As part of the Connected Open Heritage project Wikimedia Sverige is investigating how this information can be migrated to Wikidata. This involves both setting up a workflow for migrating individual datasets as well as trying to identify any issues which might hinder a dataset, or parts of it, from being migrated. This report is part of this work.

Report context[edit]

The following report relies on a framework where you would:

  1. Ingest all of the data for a country in the WLM database into Wikidata
  2. Change the lists so that they pull that info from Wikidata (instead of pushing it to the database)
  3. (Make the database update this info from Wikidata)
  4. Ingest other suitable fields from the lists into Wikidata, and make them pull that information from Wikidata instead

The focus of the report is on the first of these steps, ingesting data from the database.

Known problems[edit]

It is known that the framework described in this report causes problems if:

  • Some of the fields in the database cannot be ingested into Wikidata.
  • The existing tooling for updating Wikidata from (the lists in) Wikipedia does not meet editor requirements.
  • The list data was not derived from official sources (original research or through weak sources).
  • The licensing of the original dataset is unclear (see Wikidata:Data donation for more info).

What you are expected to know for each dataset[edit]

For each dataset you will need some knowledge about how it was created so that you can answer e.g.

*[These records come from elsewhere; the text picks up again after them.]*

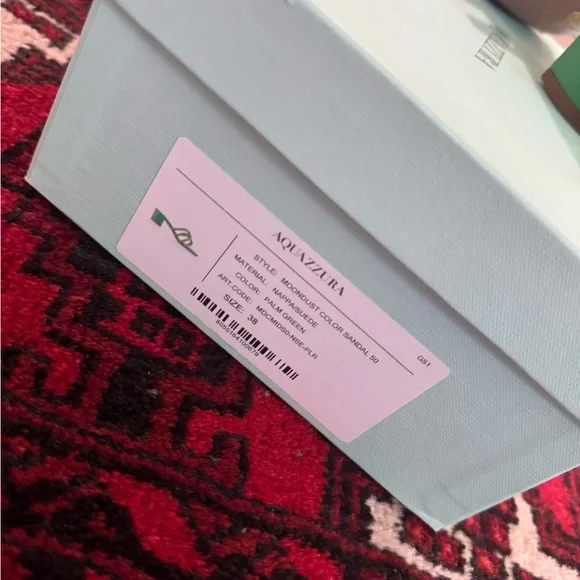 NEW NIB Aquazzura Moondust Crystal Embellished Leather Flat Sandals - Picture 7 of 7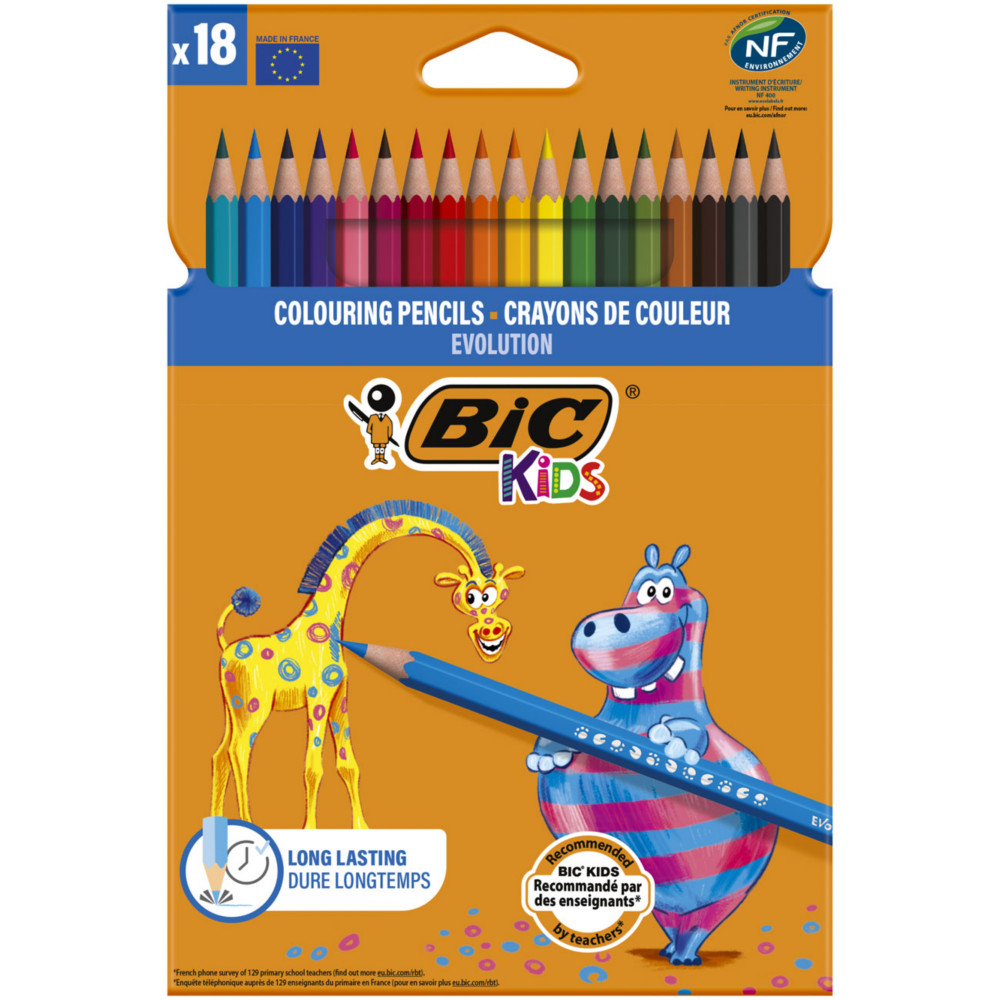BIC Kids Evolution Crayons de couleur en rsine synthtique - Couleurs assorties - Paquet 18 crayons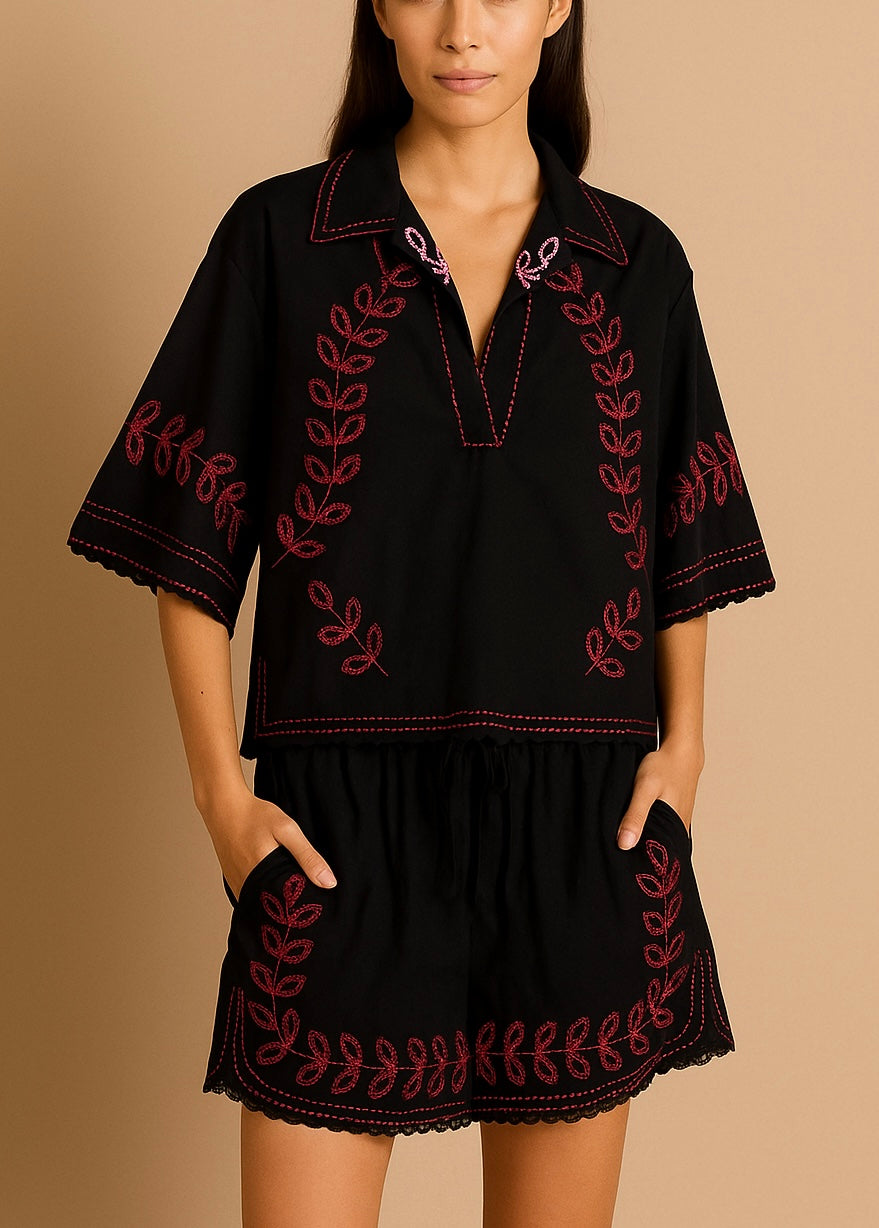 Black and red floral lace set of 2 shirt and shorts pants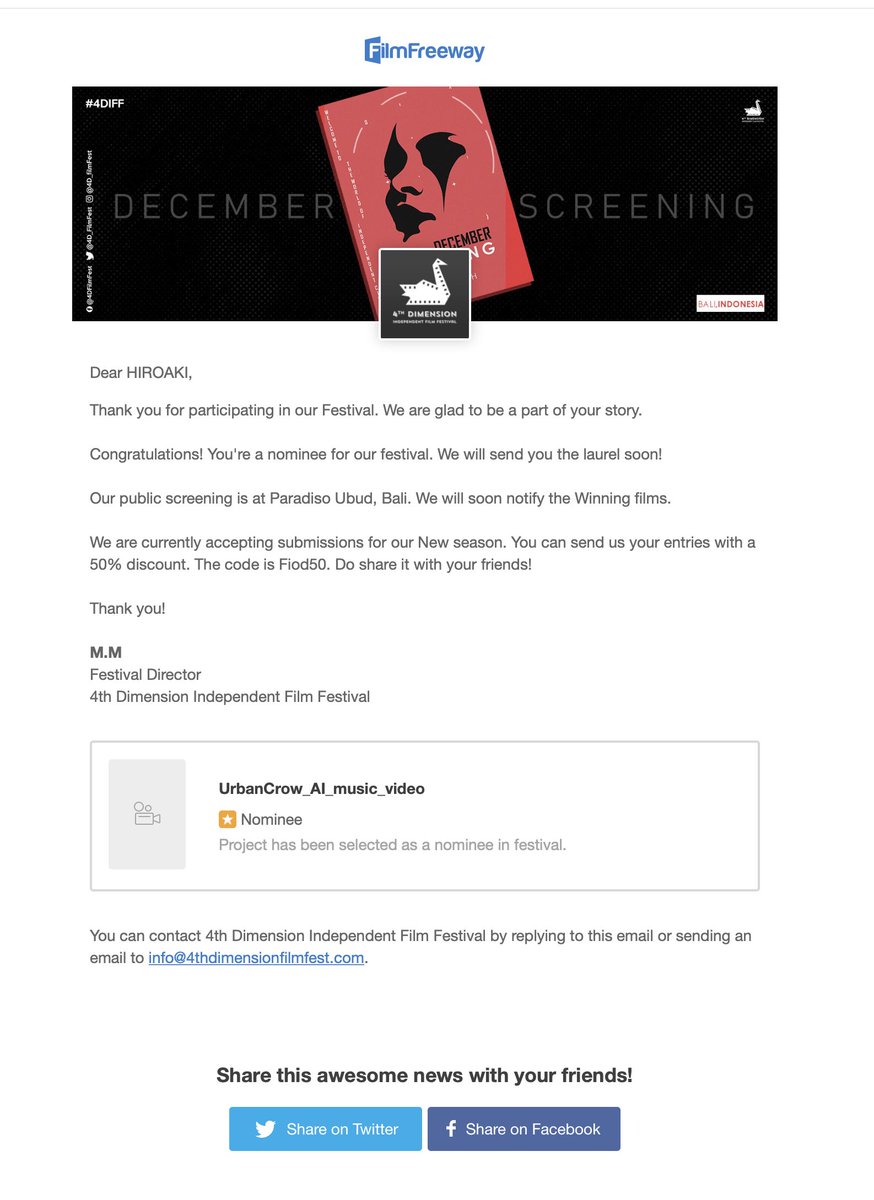 平方宏明 (@hirakatahiroaki) on Twitter photo Amazing news! "UrbanCrow_AI_music_video" was just selected Nominee by <a href="/4D_FilmFest/">4th Dimension Independent Film Festival</a> via FilmFreeway.com! - Amazing news! "UrbanCrow_AI_music_video" was just selected Nominee by <a href="/4D_FilmFest/">4th Dimension Independent Film Festival</a> via FilmFreeway.com! -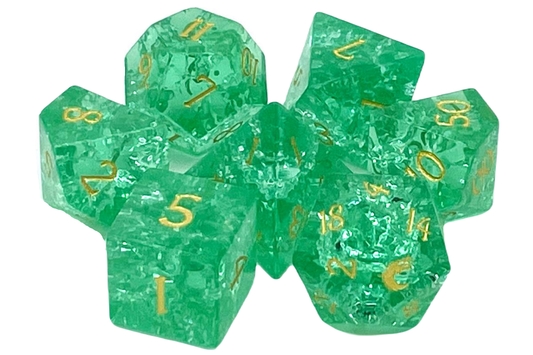 Old School Dice: Gemstone 7-Piece Set - Blast Glass - Tourmaline w/ Gold
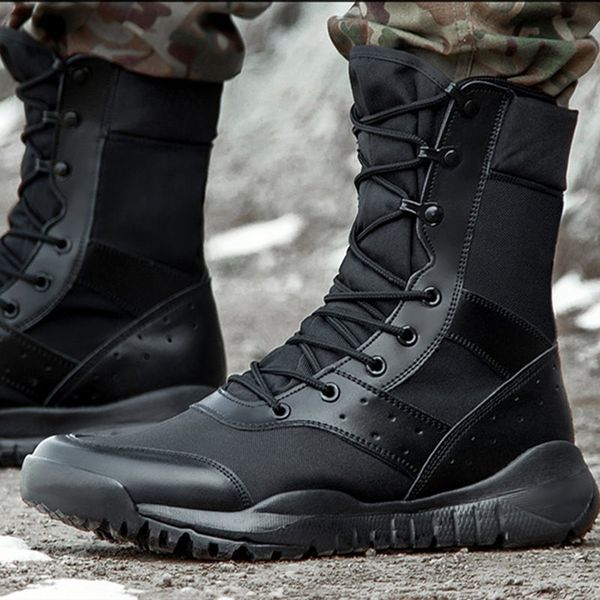 

safety shoes summer combat training boot men women climbing lightweight tactical boots outdoor hiking breathable mesh army fan 230105, Black;brown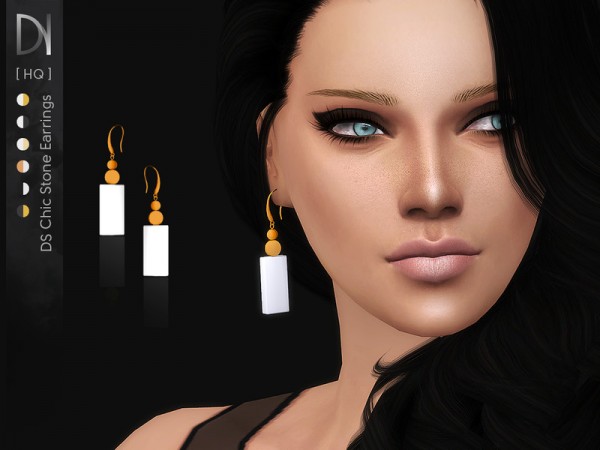  The Sims Resource: Chic Stone Earrings by DarkNighTt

  • What is the original source of the data?
  • Are the id's from the external source or some local construct?
  • Did the id's get some special prefix added/removed?
  • Was there any data massaging done before the initial ingestion?

Open questions[edit]

  • Is the license of the source data relevant (i.e. it must be CC0) or are the Wikipedia lists considered to have “washed” the data from its source?
  • Are there (always) clear sources for the data in the Wikipedia lists? Including which fields were sourced and which weren’t.
  • How to deal with information loss due to format incompatibilities?
    • E.g. address="[[Link street]] 52"P969: “Link street 52”
    • Place location="Unlinked town"P276:<no Q-id exists>

Ingesting data from the database(s)[edit]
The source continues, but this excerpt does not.